[Records drawn from a dataset]
━━━

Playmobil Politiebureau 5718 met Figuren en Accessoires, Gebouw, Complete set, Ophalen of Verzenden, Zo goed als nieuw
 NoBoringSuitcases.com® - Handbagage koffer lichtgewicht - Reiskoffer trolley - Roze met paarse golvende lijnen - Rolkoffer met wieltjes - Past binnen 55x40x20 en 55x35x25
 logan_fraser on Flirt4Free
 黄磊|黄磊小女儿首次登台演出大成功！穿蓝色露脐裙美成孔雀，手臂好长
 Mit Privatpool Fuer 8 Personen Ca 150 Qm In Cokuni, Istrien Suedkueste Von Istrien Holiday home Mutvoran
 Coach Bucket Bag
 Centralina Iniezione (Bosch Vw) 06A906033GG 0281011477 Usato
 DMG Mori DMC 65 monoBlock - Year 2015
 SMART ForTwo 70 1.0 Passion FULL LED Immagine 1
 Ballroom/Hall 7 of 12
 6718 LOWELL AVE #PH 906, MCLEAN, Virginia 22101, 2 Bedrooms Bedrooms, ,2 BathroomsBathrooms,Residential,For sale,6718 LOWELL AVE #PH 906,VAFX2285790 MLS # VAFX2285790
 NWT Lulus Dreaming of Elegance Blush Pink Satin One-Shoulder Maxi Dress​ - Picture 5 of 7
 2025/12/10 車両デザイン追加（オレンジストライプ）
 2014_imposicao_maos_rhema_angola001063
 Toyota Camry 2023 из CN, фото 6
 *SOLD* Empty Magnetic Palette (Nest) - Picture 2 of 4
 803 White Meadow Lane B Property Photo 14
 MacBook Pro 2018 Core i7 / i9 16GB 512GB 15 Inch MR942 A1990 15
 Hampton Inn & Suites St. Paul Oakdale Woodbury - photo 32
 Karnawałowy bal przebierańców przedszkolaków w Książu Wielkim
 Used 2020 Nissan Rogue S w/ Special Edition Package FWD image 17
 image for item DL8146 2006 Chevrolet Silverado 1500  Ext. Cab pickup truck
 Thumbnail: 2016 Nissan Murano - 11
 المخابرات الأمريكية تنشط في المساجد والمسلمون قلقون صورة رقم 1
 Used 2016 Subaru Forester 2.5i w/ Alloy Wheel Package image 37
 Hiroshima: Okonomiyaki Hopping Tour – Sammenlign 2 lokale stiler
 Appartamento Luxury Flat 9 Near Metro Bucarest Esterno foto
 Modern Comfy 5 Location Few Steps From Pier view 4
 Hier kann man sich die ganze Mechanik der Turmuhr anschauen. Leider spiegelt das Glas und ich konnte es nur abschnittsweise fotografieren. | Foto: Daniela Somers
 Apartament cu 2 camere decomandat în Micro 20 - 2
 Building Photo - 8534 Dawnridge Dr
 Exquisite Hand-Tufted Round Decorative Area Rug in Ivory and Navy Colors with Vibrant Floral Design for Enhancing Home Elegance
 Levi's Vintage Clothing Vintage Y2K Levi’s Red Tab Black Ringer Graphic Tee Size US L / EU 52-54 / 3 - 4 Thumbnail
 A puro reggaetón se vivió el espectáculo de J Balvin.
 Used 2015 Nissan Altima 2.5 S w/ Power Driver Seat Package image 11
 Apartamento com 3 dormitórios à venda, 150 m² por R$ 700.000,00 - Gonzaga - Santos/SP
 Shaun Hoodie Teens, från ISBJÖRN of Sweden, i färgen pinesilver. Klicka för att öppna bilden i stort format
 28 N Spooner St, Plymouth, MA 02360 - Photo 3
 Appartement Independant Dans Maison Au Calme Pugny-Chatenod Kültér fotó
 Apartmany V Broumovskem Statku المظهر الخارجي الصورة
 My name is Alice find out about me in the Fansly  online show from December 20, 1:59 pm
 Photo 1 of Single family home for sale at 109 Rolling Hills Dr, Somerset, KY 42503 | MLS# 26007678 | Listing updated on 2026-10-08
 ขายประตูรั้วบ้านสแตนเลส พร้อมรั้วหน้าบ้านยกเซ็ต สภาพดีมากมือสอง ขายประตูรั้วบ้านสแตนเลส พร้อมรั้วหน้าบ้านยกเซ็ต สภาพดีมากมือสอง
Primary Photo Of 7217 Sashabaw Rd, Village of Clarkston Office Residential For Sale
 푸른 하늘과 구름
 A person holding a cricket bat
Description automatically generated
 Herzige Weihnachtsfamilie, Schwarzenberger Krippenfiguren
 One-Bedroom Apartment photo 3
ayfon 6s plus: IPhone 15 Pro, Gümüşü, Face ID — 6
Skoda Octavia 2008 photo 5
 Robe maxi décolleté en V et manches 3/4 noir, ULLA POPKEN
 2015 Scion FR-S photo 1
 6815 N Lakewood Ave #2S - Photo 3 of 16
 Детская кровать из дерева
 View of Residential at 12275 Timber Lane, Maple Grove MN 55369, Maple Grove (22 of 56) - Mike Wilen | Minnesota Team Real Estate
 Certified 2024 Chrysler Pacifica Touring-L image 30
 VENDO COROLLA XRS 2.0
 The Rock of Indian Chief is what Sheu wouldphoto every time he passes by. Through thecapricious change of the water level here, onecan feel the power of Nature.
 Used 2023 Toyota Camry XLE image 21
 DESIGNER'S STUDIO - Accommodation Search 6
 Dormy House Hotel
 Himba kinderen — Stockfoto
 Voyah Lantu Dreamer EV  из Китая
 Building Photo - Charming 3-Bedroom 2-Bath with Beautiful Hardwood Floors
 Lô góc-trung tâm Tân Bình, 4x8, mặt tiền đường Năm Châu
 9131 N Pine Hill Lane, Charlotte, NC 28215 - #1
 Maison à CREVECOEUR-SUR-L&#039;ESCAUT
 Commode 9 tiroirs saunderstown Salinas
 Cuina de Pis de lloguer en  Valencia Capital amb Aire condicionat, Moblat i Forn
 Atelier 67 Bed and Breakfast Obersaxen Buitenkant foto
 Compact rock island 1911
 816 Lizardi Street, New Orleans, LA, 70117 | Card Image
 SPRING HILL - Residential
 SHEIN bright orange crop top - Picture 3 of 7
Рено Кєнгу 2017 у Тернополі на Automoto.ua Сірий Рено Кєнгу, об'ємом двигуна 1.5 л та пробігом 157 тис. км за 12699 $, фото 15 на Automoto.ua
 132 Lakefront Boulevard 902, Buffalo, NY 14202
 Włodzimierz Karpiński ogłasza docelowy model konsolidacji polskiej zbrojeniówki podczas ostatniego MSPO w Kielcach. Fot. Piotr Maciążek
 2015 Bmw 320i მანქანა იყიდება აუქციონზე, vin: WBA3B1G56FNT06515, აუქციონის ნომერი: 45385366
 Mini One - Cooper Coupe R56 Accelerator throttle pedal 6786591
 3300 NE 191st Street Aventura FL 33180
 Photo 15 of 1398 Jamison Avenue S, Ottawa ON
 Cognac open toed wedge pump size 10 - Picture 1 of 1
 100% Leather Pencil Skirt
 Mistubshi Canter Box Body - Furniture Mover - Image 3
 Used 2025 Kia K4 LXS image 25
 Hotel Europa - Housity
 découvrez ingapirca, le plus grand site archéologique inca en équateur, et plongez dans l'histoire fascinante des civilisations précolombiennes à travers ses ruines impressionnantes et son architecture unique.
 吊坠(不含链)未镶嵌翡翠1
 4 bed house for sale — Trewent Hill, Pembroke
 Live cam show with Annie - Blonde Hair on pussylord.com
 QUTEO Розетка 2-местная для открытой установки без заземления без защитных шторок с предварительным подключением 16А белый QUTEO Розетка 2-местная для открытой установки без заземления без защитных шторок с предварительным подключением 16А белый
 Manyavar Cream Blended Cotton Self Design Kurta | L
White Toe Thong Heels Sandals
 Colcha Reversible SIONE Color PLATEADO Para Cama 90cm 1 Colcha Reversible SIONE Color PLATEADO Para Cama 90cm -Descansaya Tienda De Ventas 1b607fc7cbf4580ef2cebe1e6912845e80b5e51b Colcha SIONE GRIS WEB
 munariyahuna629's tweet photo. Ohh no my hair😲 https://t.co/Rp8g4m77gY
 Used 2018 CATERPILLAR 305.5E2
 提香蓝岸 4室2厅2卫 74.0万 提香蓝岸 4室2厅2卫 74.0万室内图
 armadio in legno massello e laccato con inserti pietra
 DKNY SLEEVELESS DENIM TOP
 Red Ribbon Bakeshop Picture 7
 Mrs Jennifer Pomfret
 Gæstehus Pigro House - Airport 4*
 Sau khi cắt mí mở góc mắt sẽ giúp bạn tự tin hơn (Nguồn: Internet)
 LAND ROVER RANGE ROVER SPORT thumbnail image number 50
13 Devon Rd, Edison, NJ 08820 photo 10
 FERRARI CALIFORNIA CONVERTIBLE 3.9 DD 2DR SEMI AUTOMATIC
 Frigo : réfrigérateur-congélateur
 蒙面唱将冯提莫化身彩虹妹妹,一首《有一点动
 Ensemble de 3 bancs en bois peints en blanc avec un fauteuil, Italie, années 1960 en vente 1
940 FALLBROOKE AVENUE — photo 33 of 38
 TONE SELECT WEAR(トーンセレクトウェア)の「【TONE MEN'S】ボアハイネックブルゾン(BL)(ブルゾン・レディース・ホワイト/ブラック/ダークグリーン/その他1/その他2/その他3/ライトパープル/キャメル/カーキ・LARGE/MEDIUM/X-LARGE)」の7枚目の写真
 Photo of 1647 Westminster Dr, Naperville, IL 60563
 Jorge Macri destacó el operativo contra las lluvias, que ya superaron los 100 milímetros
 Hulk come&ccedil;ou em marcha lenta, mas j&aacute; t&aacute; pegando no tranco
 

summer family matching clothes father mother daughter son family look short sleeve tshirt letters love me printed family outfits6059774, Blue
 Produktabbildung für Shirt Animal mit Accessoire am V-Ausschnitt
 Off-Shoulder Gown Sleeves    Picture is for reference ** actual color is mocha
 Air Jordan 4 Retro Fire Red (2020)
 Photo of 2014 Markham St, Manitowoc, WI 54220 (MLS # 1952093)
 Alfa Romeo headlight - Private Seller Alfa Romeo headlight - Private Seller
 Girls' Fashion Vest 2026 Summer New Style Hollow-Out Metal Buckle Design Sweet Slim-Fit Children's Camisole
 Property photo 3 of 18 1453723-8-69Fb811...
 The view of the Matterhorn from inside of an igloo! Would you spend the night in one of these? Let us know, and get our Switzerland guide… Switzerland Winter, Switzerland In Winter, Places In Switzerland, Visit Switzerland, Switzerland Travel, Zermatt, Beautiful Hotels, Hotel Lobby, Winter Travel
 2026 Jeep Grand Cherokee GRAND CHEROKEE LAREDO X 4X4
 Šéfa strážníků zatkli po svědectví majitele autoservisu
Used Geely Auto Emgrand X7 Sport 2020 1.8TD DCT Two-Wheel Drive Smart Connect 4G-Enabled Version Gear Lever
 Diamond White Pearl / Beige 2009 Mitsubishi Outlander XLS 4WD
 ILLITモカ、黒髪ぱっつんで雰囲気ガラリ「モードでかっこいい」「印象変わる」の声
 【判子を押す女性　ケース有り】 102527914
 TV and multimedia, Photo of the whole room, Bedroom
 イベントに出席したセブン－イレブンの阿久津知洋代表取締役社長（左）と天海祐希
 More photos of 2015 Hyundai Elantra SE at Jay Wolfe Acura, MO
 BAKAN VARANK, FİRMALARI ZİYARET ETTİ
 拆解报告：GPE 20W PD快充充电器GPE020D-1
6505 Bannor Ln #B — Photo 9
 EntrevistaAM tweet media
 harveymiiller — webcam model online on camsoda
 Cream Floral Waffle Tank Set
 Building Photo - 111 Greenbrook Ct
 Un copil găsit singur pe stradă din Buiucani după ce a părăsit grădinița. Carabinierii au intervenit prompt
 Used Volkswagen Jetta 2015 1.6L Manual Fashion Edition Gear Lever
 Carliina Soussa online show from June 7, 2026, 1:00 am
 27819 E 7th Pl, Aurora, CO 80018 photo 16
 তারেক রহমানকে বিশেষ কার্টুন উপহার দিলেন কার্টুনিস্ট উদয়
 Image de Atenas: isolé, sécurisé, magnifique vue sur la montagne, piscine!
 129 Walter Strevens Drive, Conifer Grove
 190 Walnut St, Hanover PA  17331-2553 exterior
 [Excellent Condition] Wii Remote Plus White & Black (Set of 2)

━━━

Copy exactly the lines from the top of the entries through the line with "Mit Privatpool Fuer" in it, please, keeping both ends and adding nothing.

Playmobil Politiebureau 5718 met Figuren en Accessoires, Gebouw, Complete set, Ophalen of Verzenden, Zo goed als nieuw
 NoBoringSuitcases.com® - Handbagage koffer lichtgewicht - Reiskoffer trolley - Roze met paarse golvende lijnen - Rolkoffer met wieltjes - Past binnen 55x40x20 en 55x35x25
 logan_fraser on Flirt4Free
 黄磊|黄磊小女儿首次登台演出大成功！穿蓝色露脐裙美成孔雀，手臂好长
 Mit Privatpool Fuer 8 Personen Ca 150 Qm In Cokuni, Istrien Suedkueste Von Istrien Holiday home Mutvoran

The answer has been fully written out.